Tanpa Label Halal Tidak Halal?
Menyoal Komodifikasi Agama dan Fenomena Urban Sufisme
oleh : Muhammad Atthallah, Nuvaisa Shabrina, Raka Ichsanata, Refina Anjani Puspita, Rizky Demas Arjunanda, Rumi Rayhan Pekerti
Pada 2016, salah satu merek hijab dan busana muslim di Indonesia yang telah berdiri sejak 2005, Zoya, mengumumkan bahwa produk Zoya telah menerima sertifikasi halal dari Majelis Ulama Indonesia (MUI) diikuti iklan komersial televisi yang menegaskan kehalalan produk-produk Zoya (Arianti & Purnama, 2019). “Yakin hijab yang kita gunakan halal?” menjadi slogan Zoya pada baliho-balihonya di jalan-jalan besar. Fenomena ini diikuti dengan promosi tisu halal, panci halal, kulkas halal, hingga adanya label halal pada troli-troli di swalayan-swalayan. Setiap harinya, kita semakin akrab dengan produk-produk sehari-hari bersertifikat halal. MUI bahkan mengeluarkan pernyataan dan peraturan bahwa sepatu, baju, dan semua produk sandang harus memiliki sertifikat halal (Wibisono, 2016). Fenomena ini menimbulkan perdebatan apakah pakaian memiliki agama? Perlukah pakaian dan barang-barang sehari-hari memiliki sertifikasi halal? Bagaimana konteks dinamika Islam kontemporer menjelaskan fenomena ini? Esai singkat ini akan mencoba menelisik pertanyaan-pertanyaan tersebut satu persatu.
Urban-Sufisme
Secara umum, sufisme dapat didefinisikan sebagai proses pendekatan diri dengan Allah SWT (Jati, 2015). Sufisme muncul kurang lebih pada awal sejarah Islam (Knysh, 2006). Seiring berjalannya waktu, gesekan antara modernitas dan sufisme menghasilkan fenomena sufisme urban. Terma ini menjadi sering digunakan setelah Julie D. Howell menggunakannya di dalam studi antropologinya terkait dengan pergerakan Sufisme di Indonesia pada area urban. Modernitas memunculkan suatu kehidupan yang bersifat mekanik — kehidupan statis yang berorientasi pada kerutinan (Anis, 2013). Sufisme kemudian dianggap sebagai salah satu solusi terhadap problematika ini. Proses pendekatan diri dengan Allah SWT merupakan upaya untuk mengartikulasikan perasaan dan keinginan di dalam suatu masyarakat yang teralienasi. Karakteristik pembeda antara urban sufisme dan sufisme pada umumnya adalah hubungannya yang erat dengan materi duniawi. Praktisi sufisme urban dengan tendensi konsumerisme yang terbentuk dari modernisasi yang berusaha untuk menghubungkan agama dengan hal-hal material yang terikat erat dengan kehidupannya. Contohnya adalah labelisasi halal yang pada awalnya eksklusif pada makanan maupun minuman, mulai diaplikasikan ke berbagai produk sehari-hari lainnya, seperti pakaian dan sepatu.
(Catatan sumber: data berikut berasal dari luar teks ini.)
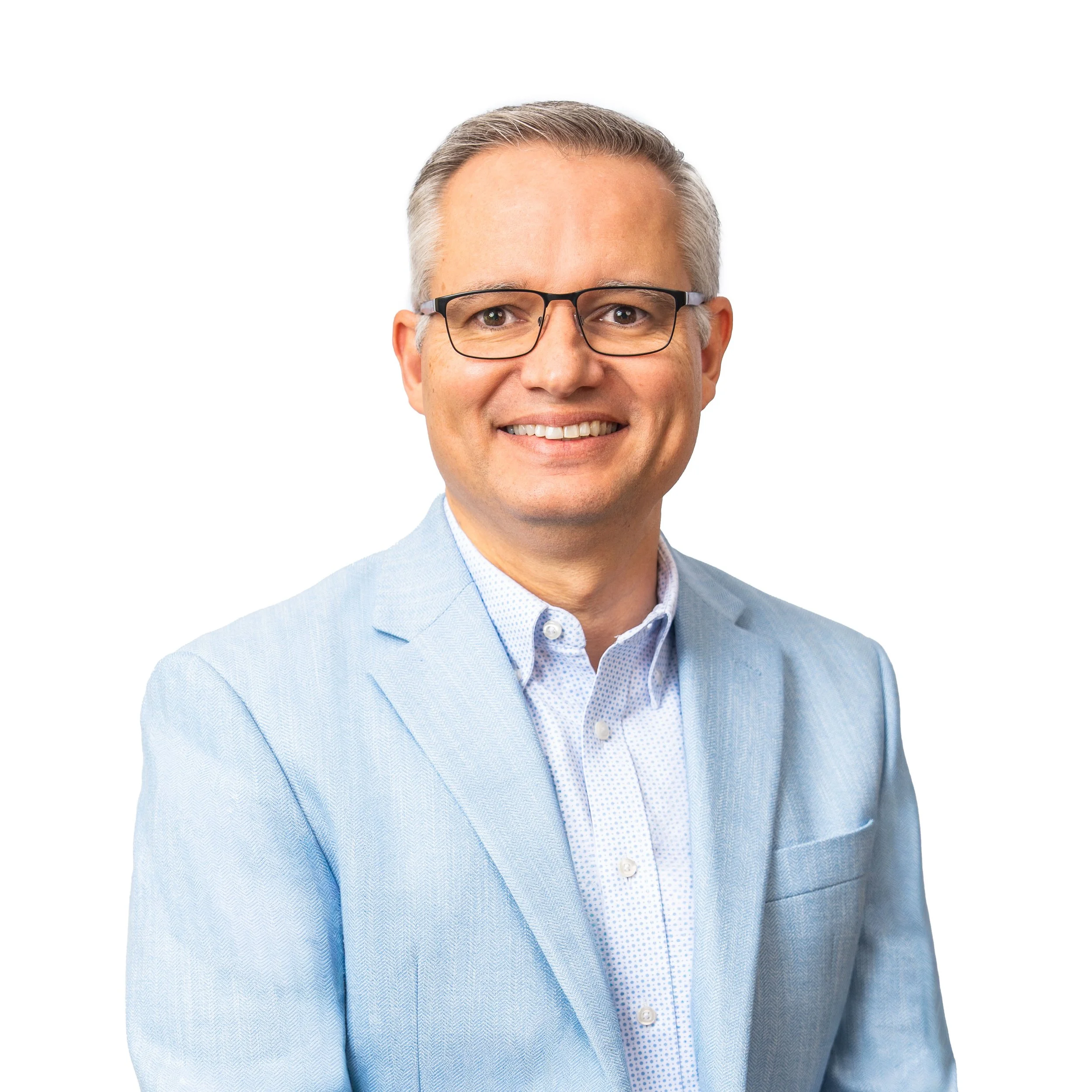 MANUEL REYES FINAL SQUARE.jpg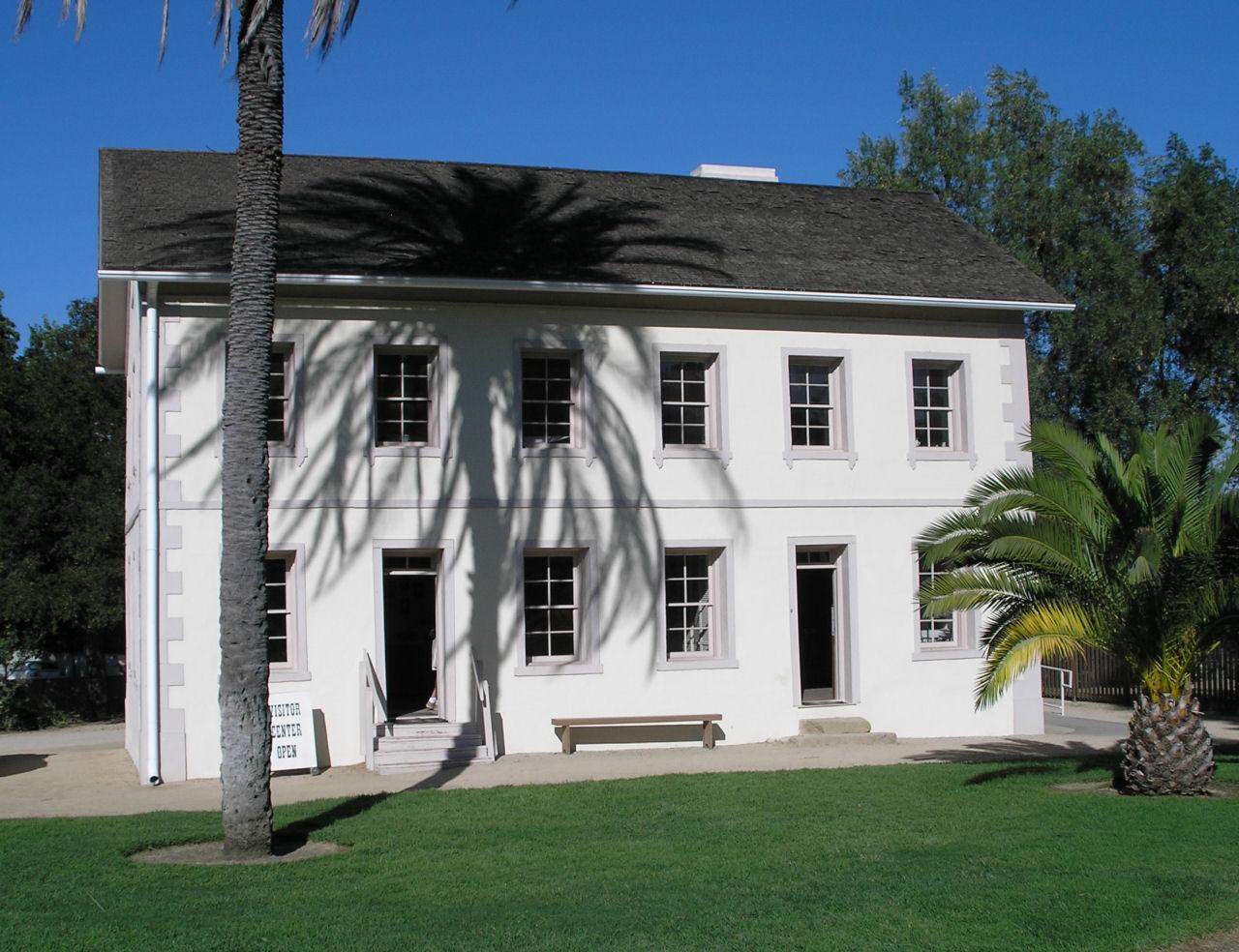Hayvenhurst: The Jackson Mansion in Encino Since 1971 — imagem do artigo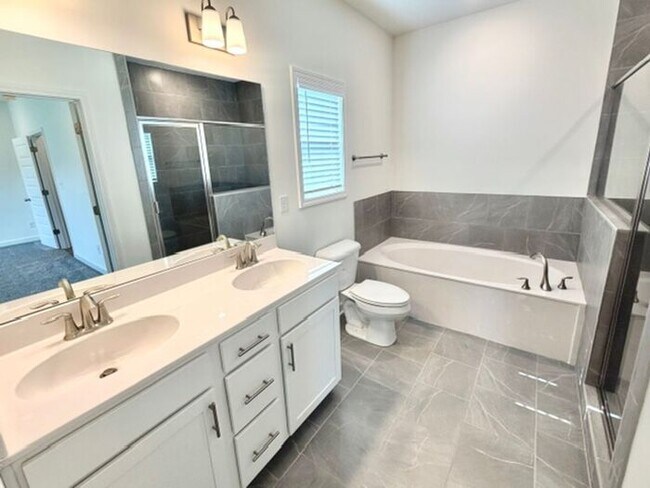 Building Photo - Now Leasing a 4-bedroom 3 bath home in Oakland, TN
Persimpangan antara Sufisme dan Identitas
Banyaknya hal berbau agama di kehidupan sehari-hari membuat orang berpikir bahwa sebuah produk halal sudah sewajarnya menampilkan label halal. Sebuah penelitian pada pelanggan produk busana muslim Zoya di Kota Malang menunjukkan bahwa persepsi label halal berpengaruh signifikan terhadap keputusan pembelian dimana label tersebut berhasil membuat banyak orang untuk memutuskan aksi beli (Alim, Mawardi & Bafadhal, 2018). Munculnya produk berlabel halal yang terbukti dapat meningkatkan penjualan tentunya juga akan memberikan pengaruh bagi produsen lain untuk juga menerapkan sertifikasi halal pada produknya. Bahkan, saat ini telah ada produk lemari es yang bersertifikat halal (“Lemari Es Bersertifikat HALAL Pertama di Indonesia Dari SHARP”, 2018). Produk yang telah jelas merupakan produk halal seakan menjadi perlu untuk dilabeli halal. Padahal, dalam sejarah pelabelan halal di Indonesia, produk yang diberi label pada mulanya justru produk yang haram karena pertimbangan bahwa hampir semua produk yang beredar di Indonesia merupakan produk halal sehingga lebih efektif (Isnaeni, 2016). Ini menunjukkan bahwa sufisme urban dapat menciptakan suatu identitas baru bagi masyarakat untuk hanya mengenakan dan mengkonsumsi produk berlabelkan halal.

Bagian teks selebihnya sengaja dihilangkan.